6/14/2010America’s highways are facing a “dire shortage of safe parking for trucks,” Rep. Paul Tonko (D-N.Y.) said in a recent op-ed in Roll Call. To combat the shortage, Tonko introduced H.R. 2156, legislation referred to as Jason’s Law, in April 2009 that would implement a pilot program to address shortages in safe parking for commercial motor vehicles on the National Highway System. Sen. Chuck Schumer (D-N.Y.) sponsored the Senate version of the legislation, S. 971.
Jason’s Law would provide $120 million over the next six years to states and local governments to invest in safe parking and safety rest area facilities for commercial truck drivers.
“The legislation will provide funding for the Secretary of Transportation to build safe rest areas with parking for commercial motor vehicles, build parking facilities next to truck stops and travel plazas, and open existing facilities for parking, including weigh and inspection stations,” Tonko said. “Additionally, it would make improvements at facilities that are closed on a seasonal basis and improve the geometric design of interchanges on the national highway system for better access to commercial motor vehicle parking facilities.”
The legislation is named after professional truck driver Jason Rivenburg, who was shot to death in a March 5, 2009 robbery at an abandoned gas station in South Carolina. Rivenburg had parked his truck there to rest because of a lack of adequate parking for commercial motor vehicles.
Jason’s Law has bi-partisan support with over 40 co-sponsors. The bill is also supported by safety and industry advocates, including the American Trucking Associations (ATA). “Prior to the introduction of Jason’s Law, truck parking facilities were authorized under the Safe, Accountable, Flexible, Efficient, Transportation Equity Act: A Legacy for Users in the amount of $25 million from 2005 to 2009. However, that funding was never appropriated, and the pilot program never got off the ground. Jason’s Law compensates for that lost time and lost funding by authorizing $20 million from fiscal 2010 through fiscal 2015, for a total of $120 million,” Tonko said. The creation of more long-term truck parking has been a longstanding issue within the trucking industry and was one recommendation in ATA’s 18-point Safety Agenda released in 2008.
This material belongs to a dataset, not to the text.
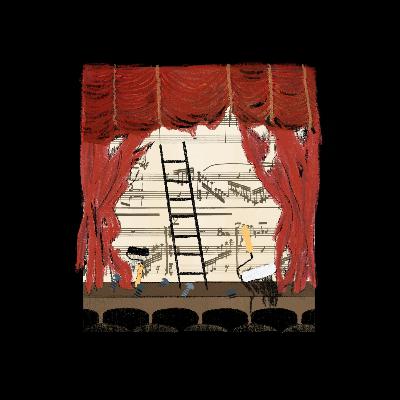 #3 - Resourcefulness - John Cage, Prepared Piano (ft. Mariana Miguel)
The closing of highway rest areas is not only an inconvenience for all motorists, but it also jeopardizes highway safety. Safety rest areas help prevent driver fatigue and also provide the accommodations necessary for motorists to tend to personal needs while on the road. In addition, current federal law requires commercial truck drivers to rest after 11 hours of driving. Safety rest areas provide safe, secure parking spaces for truck drivers to get rest when they need it and to comply with federal hours of service regulations.